There certainly are many marathons in May, and the first weekend in particular seems to have a lot of choices. Last year I did Pittsburgh and a year earlier the Flying Pig in Cincinnati, but this year I chose Rhode Island for the simple reason that I had a conference scheduled the week before right in downtown Providence. It seemed logical and certainly convenient to attend the conference (the American Society for Indexing – I am a new freelance back-of-the-book indexer) and then stay a day longer for the marathon.
So, I flew in on Wednesday to the compact little T. F. Green Airport in Providence (it’s actually in neighboring Warwick) and met my sister Margie at baggage pickup. She had driven down from Massachusetts so we could visit before the conference began. I don’t think we stopped talking for the day and a half we spent together; it had been almost 2 years since we had seen each other last and talking over the phone simply doesn’t substitute for a face-to-face visit. She left around noon on Thursday, just about the time my software workshop began. From that point on, I was immersed in seminars and meetings and barely had time to walk outside for some fresh air. The conference was held at the Hilton Providence, one of the race host hotels (although the main host hotel was the nearby Westin). The Hilton turned out to be a good choice, for my room was clean and tidy, the bed comfortable, and the staff accommodatiing.

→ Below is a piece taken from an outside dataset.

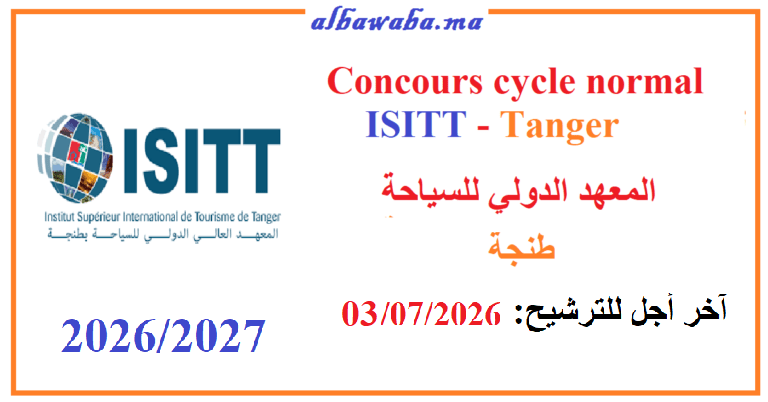 Concours cycle normal - ISITT -Tanger -2026/2027 - المعهد الدولي للسياحة -طنجة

The Hilton was also close to packet pickup at the convention center . On Friday afternoon, I walked over to get my bib (with chip attached) and tech tee shirt (made of a slippery blue material). There was not really an expo – just a few local vendors, Cox Cable (since they were the sponsors), and some charities. I picked up an extra map of the route and spoke to one of the knowledgable volunteers about how the course would be marked and exactly where it would start and finish. I was reassured that the start/finish line was just a short walk from the convention center and I knew that there would probably be plenty of folks from the hotel whom I could follow to the start. The course would be marked with orange tape on the roads and signs with arrows. There were also volunteers at every important turn.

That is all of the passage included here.